§ **DIRECTIONS FOR THIS TASK**:
Every record must be copied out exactly.
= Beginning of Section =
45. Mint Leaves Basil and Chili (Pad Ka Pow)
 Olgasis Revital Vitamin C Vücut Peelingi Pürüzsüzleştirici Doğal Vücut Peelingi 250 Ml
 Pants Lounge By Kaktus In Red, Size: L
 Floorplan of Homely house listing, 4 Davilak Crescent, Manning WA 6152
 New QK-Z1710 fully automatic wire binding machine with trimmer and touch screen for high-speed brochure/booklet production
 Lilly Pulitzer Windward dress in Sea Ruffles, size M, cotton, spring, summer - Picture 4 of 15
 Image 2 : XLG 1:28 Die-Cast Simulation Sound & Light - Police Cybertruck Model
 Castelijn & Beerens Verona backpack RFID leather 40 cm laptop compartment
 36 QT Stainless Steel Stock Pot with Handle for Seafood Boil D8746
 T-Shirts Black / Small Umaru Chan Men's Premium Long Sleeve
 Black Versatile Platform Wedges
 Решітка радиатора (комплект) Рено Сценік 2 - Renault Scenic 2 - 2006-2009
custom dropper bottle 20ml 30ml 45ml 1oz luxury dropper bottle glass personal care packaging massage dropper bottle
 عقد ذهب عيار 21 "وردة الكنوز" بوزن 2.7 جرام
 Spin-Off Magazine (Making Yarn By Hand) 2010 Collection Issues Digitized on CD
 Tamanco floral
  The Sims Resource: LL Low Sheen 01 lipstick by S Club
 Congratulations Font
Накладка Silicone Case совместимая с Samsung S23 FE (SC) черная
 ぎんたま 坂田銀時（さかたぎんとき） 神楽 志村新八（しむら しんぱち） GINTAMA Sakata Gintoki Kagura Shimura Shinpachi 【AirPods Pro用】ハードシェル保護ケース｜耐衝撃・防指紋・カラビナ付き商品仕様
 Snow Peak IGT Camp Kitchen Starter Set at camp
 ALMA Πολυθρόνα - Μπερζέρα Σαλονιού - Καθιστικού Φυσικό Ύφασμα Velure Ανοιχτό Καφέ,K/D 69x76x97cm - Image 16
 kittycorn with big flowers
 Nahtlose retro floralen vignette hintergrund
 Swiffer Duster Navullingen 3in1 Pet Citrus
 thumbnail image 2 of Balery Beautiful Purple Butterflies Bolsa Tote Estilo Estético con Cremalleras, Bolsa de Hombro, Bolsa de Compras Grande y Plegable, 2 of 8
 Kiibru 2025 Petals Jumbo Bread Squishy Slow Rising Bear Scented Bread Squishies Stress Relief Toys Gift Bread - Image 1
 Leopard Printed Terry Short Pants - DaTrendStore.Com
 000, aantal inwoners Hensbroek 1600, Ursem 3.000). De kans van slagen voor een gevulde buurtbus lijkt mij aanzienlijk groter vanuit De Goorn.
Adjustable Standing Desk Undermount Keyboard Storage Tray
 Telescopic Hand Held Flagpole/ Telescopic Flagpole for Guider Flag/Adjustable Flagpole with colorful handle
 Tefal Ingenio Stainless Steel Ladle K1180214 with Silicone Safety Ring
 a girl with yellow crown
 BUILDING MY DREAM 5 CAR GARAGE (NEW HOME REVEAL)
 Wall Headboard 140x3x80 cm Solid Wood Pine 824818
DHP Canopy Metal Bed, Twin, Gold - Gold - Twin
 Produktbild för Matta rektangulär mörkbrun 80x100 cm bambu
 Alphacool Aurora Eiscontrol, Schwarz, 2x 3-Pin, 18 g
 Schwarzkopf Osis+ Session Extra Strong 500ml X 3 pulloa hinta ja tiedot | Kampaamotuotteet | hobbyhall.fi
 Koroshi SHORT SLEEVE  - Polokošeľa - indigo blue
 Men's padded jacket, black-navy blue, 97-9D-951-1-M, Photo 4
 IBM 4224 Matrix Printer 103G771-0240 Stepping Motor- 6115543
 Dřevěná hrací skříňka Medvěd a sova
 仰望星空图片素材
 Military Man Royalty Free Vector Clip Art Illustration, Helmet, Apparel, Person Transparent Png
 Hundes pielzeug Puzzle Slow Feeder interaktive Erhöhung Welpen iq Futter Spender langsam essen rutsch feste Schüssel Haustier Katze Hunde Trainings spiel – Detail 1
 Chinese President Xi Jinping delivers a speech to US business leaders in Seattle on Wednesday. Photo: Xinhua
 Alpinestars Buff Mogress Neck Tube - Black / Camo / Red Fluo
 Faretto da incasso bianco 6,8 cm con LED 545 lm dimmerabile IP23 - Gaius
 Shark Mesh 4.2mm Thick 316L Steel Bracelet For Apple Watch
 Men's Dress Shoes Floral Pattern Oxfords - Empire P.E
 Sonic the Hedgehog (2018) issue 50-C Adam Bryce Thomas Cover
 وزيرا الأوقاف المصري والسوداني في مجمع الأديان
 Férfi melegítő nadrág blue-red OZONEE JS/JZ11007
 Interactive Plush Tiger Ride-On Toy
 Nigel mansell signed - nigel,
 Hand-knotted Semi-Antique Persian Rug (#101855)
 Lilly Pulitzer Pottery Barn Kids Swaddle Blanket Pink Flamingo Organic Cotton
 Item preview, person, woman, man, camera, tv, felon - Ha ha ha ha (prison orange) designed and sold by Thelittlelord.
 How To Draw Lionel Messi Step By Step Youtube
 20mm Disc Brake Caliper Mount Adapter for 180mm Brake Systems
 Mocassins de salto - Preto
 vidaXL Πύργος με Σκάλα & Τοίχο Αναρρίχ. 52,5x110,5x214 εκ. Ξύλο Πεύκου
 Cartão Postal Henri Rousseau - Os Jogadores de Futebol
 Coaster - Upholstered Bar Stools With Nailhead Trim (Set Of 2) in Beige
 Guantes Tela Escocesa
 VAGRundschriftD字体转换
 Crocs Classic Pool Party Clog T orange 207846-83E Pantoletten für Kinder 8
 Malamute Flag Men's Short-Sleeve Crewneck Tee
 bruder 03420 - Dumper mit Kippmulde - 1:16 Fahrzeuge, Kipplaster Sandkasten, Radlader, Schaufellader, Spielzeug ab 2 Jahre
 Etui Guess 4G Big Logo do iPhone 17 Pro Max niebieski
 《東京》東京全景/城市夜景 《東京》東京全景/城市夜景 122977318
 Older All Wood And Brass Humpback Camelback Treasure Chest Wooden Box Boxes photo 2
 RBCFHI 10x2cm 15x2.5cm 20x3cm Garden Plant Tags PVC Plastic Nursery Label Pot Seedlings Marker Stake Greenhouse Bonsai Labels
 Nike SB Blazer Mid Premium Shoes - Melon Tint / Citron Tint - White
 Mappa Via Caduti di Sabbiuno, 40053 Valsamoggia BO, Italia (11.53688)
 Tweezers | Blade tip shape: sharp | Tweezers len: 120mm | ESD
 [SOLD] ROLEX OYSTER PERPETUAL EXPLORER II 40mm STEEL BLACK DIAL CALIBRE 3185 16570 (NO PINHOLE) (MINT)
= End of Section =
§ **ANSWER BOX**:
45. Mint Leaves Basil and Chili (Pad Ka Pow)
 Olgasis Revital Vitamin C Vücut Peelingi Pürüzsüzleştirici Doğal Vücut Peelingi 250 Ml
 Pants Lounge By Kaktus In Red, Size: L
 Floorplan of Homely house listing, 4 Davilak Crescent, Manning WA 6152
 New QK-Z1710 fully automatic wire binding machine with trimmer and touch screen for high-speed brochure/booklet production
 Lilly Pulitzer Windward dress in Sea Ruffles, size M, cotton, spring, summer - Picture 4 of 15
 Image 2 : XLG 1:28 Die-Cast Simulation Sound & Light - Police Cybertruck Model
 Castelijn & Beerens Verona backpack RFID leather 40 cm laptop compartment
 36 QT Stainless Steel Stock Pot with Handle for Seafood Boil D8746
 T-Shirts Black / Small Umaru Chan Men's Premium Long Sleeve
 Black Versatile Platform Wedges
 Решітка радиатора (комплект) Рено Сценік 2 - Renault Scenic 2 - 2006-2009
custom dropper bottle 20ml 30ml 45ml 1oz luxury dropper bottle glass personal care packaging massage dropper bottle
 عقد ذهب عيار 21 "وردة الكنوز" بوزن 2.7 جرام
 Spin-Off Magazine (Making Yarn By Hand) 2010 Collection Issues Digitized on CD
 Tamanco floral
  The Sims Resource: LL Low Sheen 01 lipstick by S Club
 Congratulations Font
Накладка Silicone Case совместимая с Samsung S23 FE (SC) черная
 ぎんたま 坂田銀時（さかたぎんとき） 神楽 志村新八（しむら しんぱち） GINTAMA Sakata Gintoki Kagura Shimura Shinpachi 【AirPods Pro用】ハードシェル保護ケース｜耐衝撃・防指紋・カラビナ付き商品仕様
 Snow Peak IGT Camp Kitchen Starter Set at camp
 ALMA Πολυθρόνα - Μπερζέρα Σαλονιού - Καθιστικού Φυσικό Ύφασμα Velure Ανοιχτό Καφέ,K/D 69x76x97cm - Image 16
 kittycorn with big flowers
 Nahtlose retro floralen vignette hintergrund
 Swiffer Duster Navullingen 3in1 Pet Citrus
 thumbnail image 2 of Balery Beautiful Purple Butterflies Bolsa Tote Estilo Estético con Cremalleras, Bolsa de Hombro, Bolsa de Compras Grande y Plegable, 2 of 8
 Kiibru 2025 Petals Jumbo Bread Squishy Slow Rising Bear Scented Bread Squishies Stress Relief Toys Gift Bread - Image 1
 Leopard Printed Terry Short Pants - DaTrendStore.Com
 000, aantal inwoners Hensbroek 1600, Ursem 3.000). De kans van slagen voor een gevulde buurtbus lijkt mij aanzienlijk groter vanuit De Goorn.
Adjustable Standing Desk Undermount Keyboard Storage Tray
 Telescopic Hand Held Flagpole/ Telescopic Flagpole for Guider Flag/Adjustable Flagpole with colorful handle
 Tefal Ingenio Stainless Steel Ladle K1180214 with Silicone Safety Ring
 a girl with yellow crown
 BUILDING MY DREAM 5 CAR GARAGE (NEW HOME REVEAL)
 Wall Headboard 140x3x80 cm Solid Wood Pine 824818
DHP Canopy Metal Bed, Twin, Gold - Gold - Twin
 Produktbild för Matta rektangulär mörkbrun 80x100 cm bambu
 Alphacool Aurora Eiscontrol, Schwarz, 2x 3-Pin, 18 g
 Schwarzkopf Osis+ Session Extra Strong 500ml X 3 pulloa hinta ja tiedot | Kampaamotuotteet | hobbyhall.fi
 Koroshi SHORT SLEEVE  - Polokošeľa - indigo blue
 Men's padded jacket, black-navy blue, 97-9D-951-1-M, Photo 4
 IBM 4224 Matrix Printer 103G771-0240 Stepping Motor- 6115543
 Dřevěná hrací skříňka Medvěd a sova
 仰望星空图片素材
 Military Man Royalty Free Vector Clip Art Illustration, Helmet, Apparel, Person Transparent Png
 Hundes pielzeug Puzzle Slow Feeder interaktive Erhöhung Welpen iq Futter Spender langsam essen rutsch feste Schüssel Haustier Katze Hunde Trainings spiel – Detail 1
 Chinese President Xi Jinping delivers a speech to US business leaders in Seattle on Wednesday. Photo: Xinhua
 Alpinestars Buff Mogress Neck Tube - Black / Camo / Red Fluo
 Faretto da incasso bianco 6,8 cm con LED 545 lm dimmerabile IP23 - Gaius
 Shark Mesh 4.2mm Thick 316L Steel Bracelet For Apple Watch
 Men's Dress Shoes Floral Pattern Oxfords - Empire P.E
 Sonic the Hedgehog (2018) issue 50-C Adam Bryce Thomas Cover
 وزيرا الأوقاف المصري والسوداني في مجمع الأديان
 Férfi melegítő nadrág blue-red OZONEE JS/JZ11007
 Interactive Plush Tiger Ride-On Toy
 Nigel mansell signed - nigel,
 Hand-knotted Semi-Antique Persian Rug (#101855)
 Lilly Pulitzer Pottery Barn Kids Swaddle Blanket Pink Flamingo Organic Cotton
 Item preview, person, woman, man, camera, tv, felon - Ha ha ha ha (prison orange) designed and sold by Thelittlelord.
 How To Draw Lionel Messi Step By Step Youtube
 20mm Disc Brake Caliper Mount Adapter for 180mm Brake Systems
 Mocassins de salto - Preto
 vidaXL Πύργος με Σκάλα & Τοίχο Αναρρίχ. 52,5x110,5x214 εκ. Ξύλο Πεύκου
 Cartão Postal Henri Rousseau - Os Jogadores de Futebol
 Coaster - Upholstered Bar Stools With Nailhead Trim (Set Of 2) in Beige
 Guantes Tela Escocesa
 VAGRundschriftD字体转换
 Crocs Classic Pool Party Clog T orange 207846-83E Pantoletten für Kinder 8
 Malamute Flag Men's Short-Sleeve Crewneck Tee
 bruder 03420 - Dumper mit Kippmulde - 1:16 Fahrzeuge, Kipplaster Sandkasten, Radlader, Schaufellader, Spielzeug ab 2 Jahre
 Etui Guess 4G Big Logo do iPhone 17 Pro Max niebieski
 《東京》東京全景/城市夜景 《東京》東京全景/城市夜景 122977318
 Older All Wood And Brass Humpback Camelback Treasure Chest Wooden Box Boxes photo 2
 RBCFHI 10x2cm 15x2.5cm 20x3cm Garden Plant Tags PVC Plastic Nursery Label Pot Seedlings Marker Stake Greenhouse Bonsai Labels
 Nike SB Blazer Mid Premium Shoes - Melon Tint / Citron Tint - White
 Mappa Via Caduti di Sabbiuno, 40053 Valsamoggia BO, Italia (11.53688)
 Tweezers | Blade tip shape: sharp | Tweezers len: 120mm | ESD
 [SOLD] ROLEX OYSTER PERPETUAL EXPLORER II 40mm STEEL BLACK DIAL CALIBRE 3185 16570 (NO PINHOLE) (MINT)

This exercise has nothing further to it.